━━━ GIVEN DATA ━━━
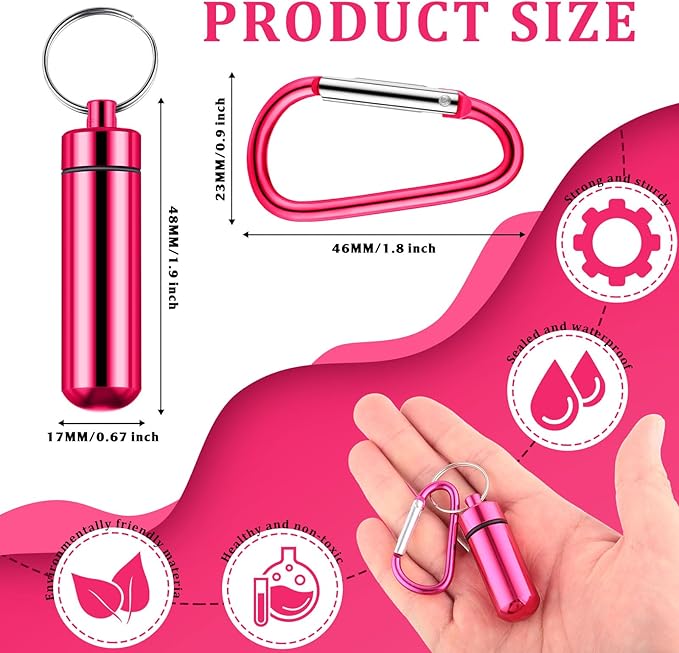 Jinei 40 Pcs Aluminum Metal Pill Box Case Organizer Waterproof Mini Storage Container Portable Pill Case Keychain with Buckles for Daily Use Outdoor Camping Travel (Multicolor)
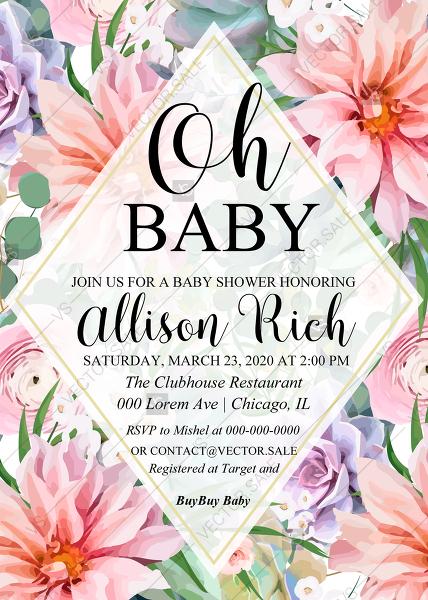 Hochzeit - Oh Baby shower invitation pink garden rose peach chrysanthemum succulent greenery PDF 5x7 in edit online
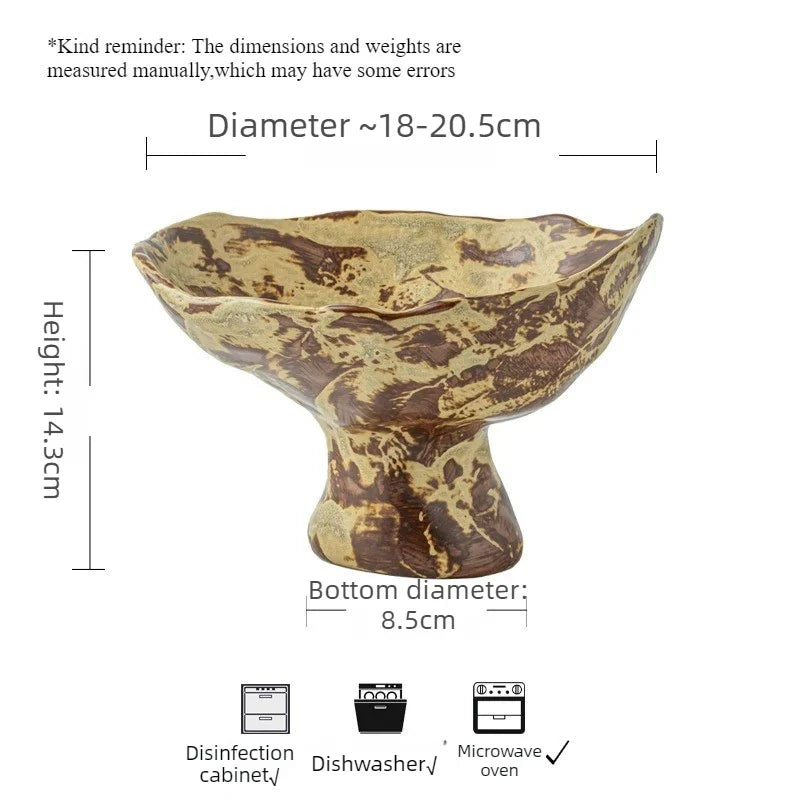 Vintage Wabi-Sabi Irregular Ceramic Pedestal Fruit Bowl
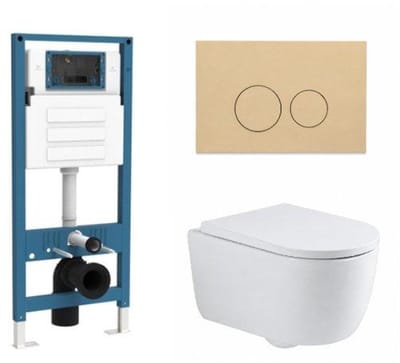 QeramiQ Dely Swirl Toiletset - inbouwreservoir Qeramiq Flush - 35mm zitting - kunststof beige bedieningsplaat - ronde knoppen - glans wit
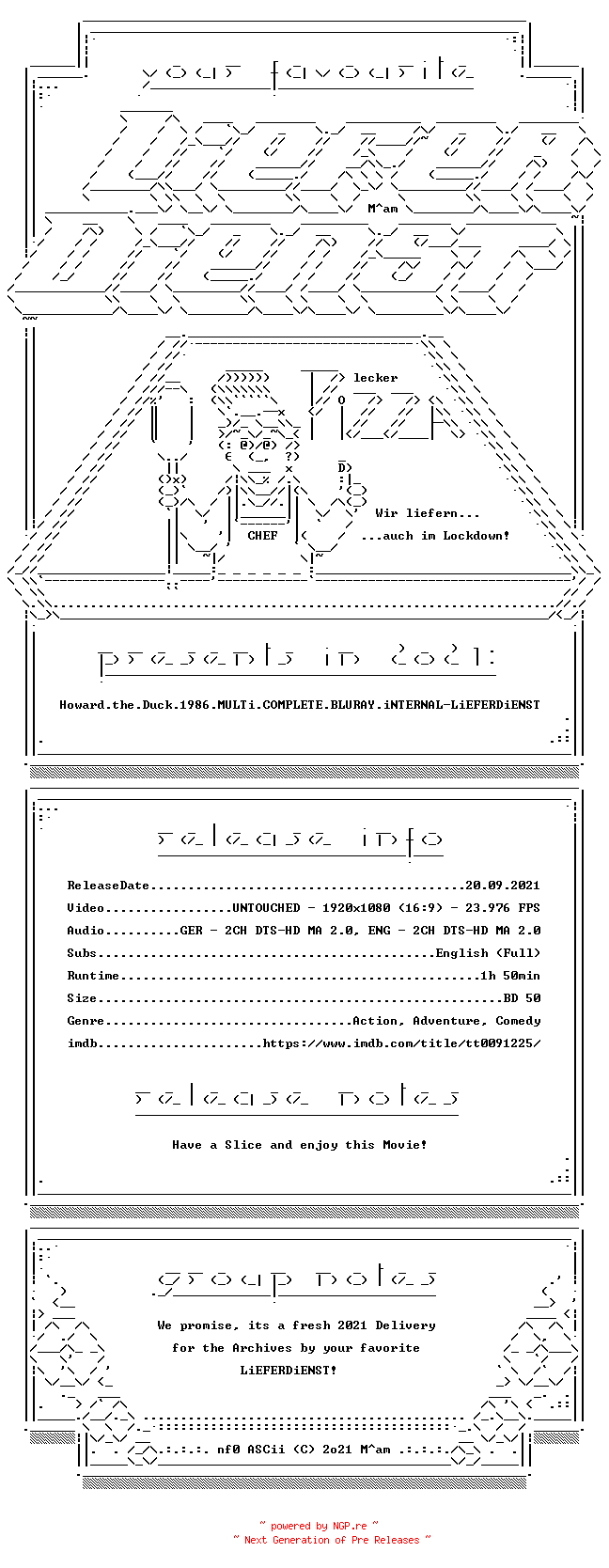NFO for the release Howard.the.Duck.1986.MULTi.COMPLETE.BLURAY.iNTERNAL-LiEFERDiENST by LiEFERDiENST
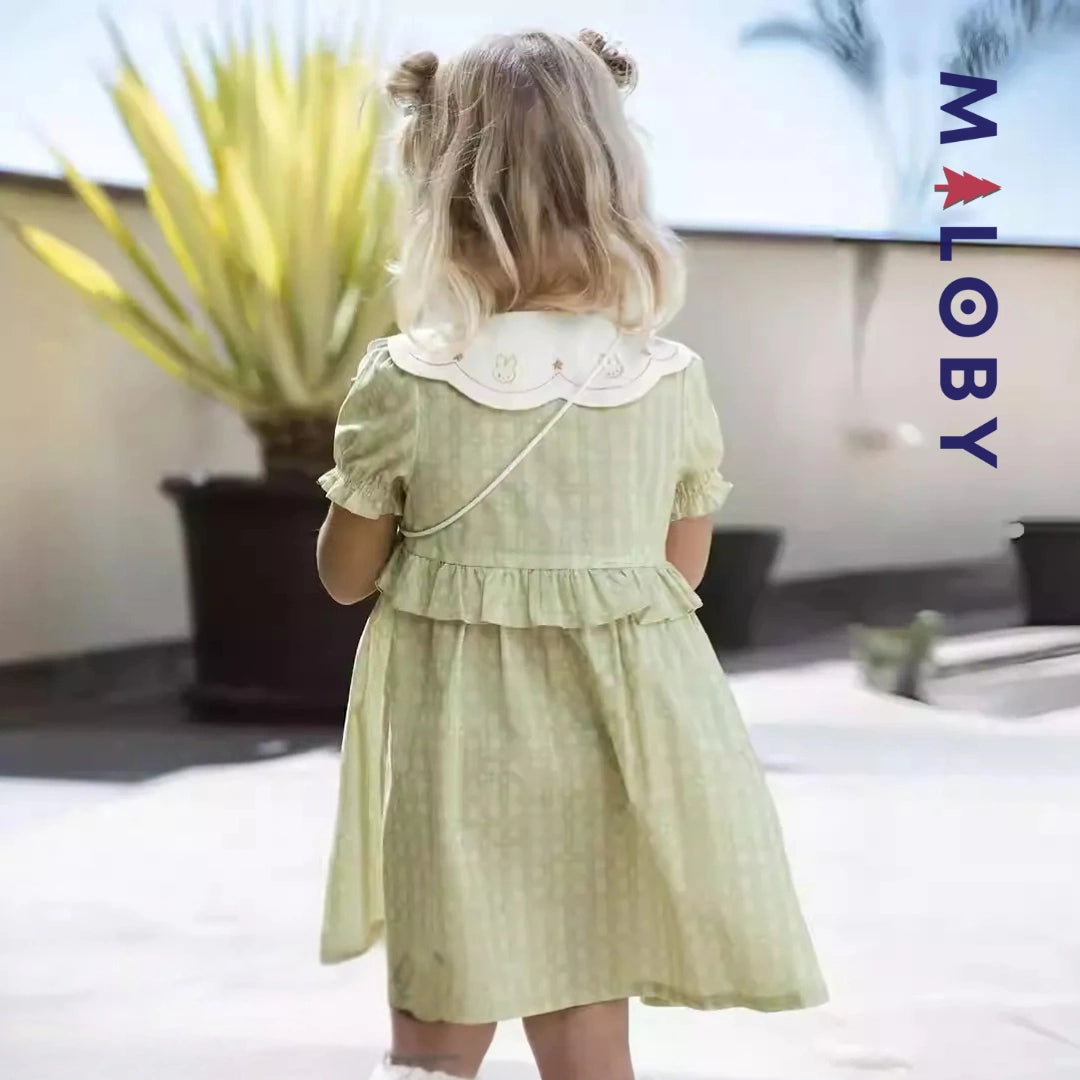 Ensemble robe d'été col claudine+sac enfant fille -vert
━━━
--- WHAT YOU WILL DO ---
The lines from the one containing "Hochzeit - Oh" to the last line of the records, both included: print exactly those and nothing else, leaving out any pictures.

--- ANSWER TO THIS EXERCISE ---
 Hochzeit - Oh Baby shower invitation pink garden rose peach chrysanthemum succulent greenery PDF 5x7 in edit online
 Vintage Wabi-Sabi Irregular Ceramic Pedestal Fruit Bowl
 QeramiQ Dely Swirl Toiletset - inbouwreservoir Qeramiq Flush - 35mm zitting - kunststof beige bedieningsplaat - ronde knoppen - glans wit
NFO for the release Howard.the.Duck.1986.MULTi.COMPLETE.BLURAY.iNTERNAL-LiEFERDiENST by LiEFERDiENST
 Ensemble robe d'été col claudine+sac enfant fille -vert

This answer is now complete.